◆ TASK TO CARRY OUT
Set the data down exactly as it stands, and keep its pictures out.

◆ SOURCE MATERIAL
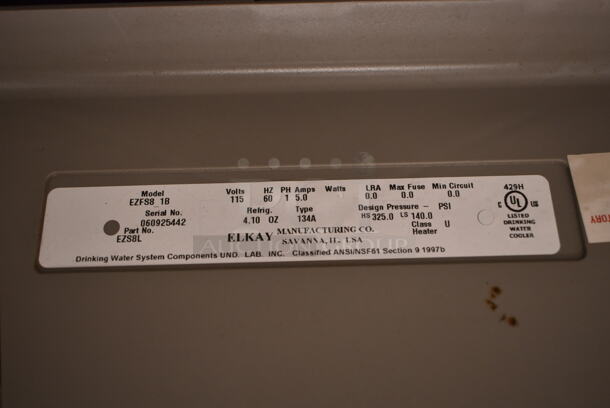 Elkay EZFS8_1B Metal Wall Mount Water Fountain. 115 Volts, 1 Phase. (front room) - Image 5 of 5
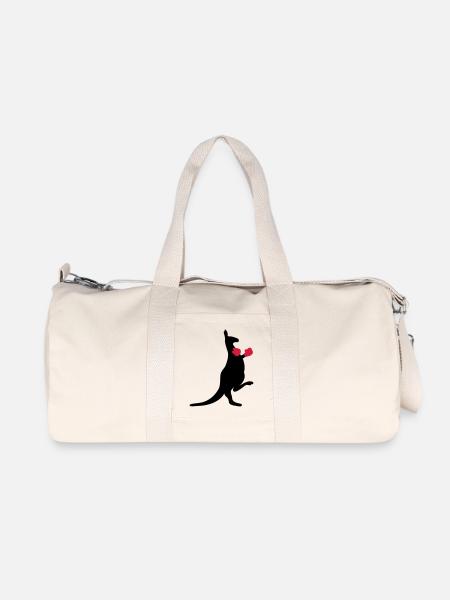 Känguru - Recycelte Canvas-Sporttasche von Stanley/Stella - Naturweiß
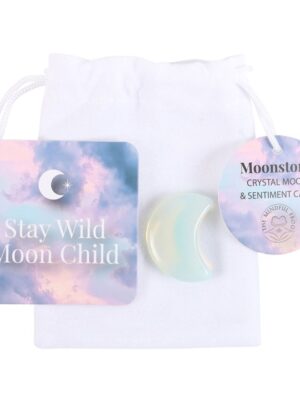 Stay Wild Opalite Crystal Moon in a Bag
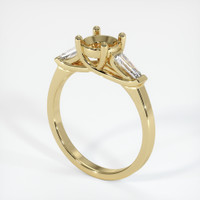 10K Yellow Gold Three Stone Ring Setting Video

◆ WRITTEN ANSWER
 Elkay EZFS8_1B Metal Wall Mount Water Fountain. 115 Volts, 1 Phase. (front room) - Image 5 of 5
 Känguru - Recycelte Canvas-Sporttasche von Stanley/Stella - Naturweiß
 Stay Wild Opalite Crystal Moon in a Bag
 10K Yellow Gold Three Stone Ring Setting Video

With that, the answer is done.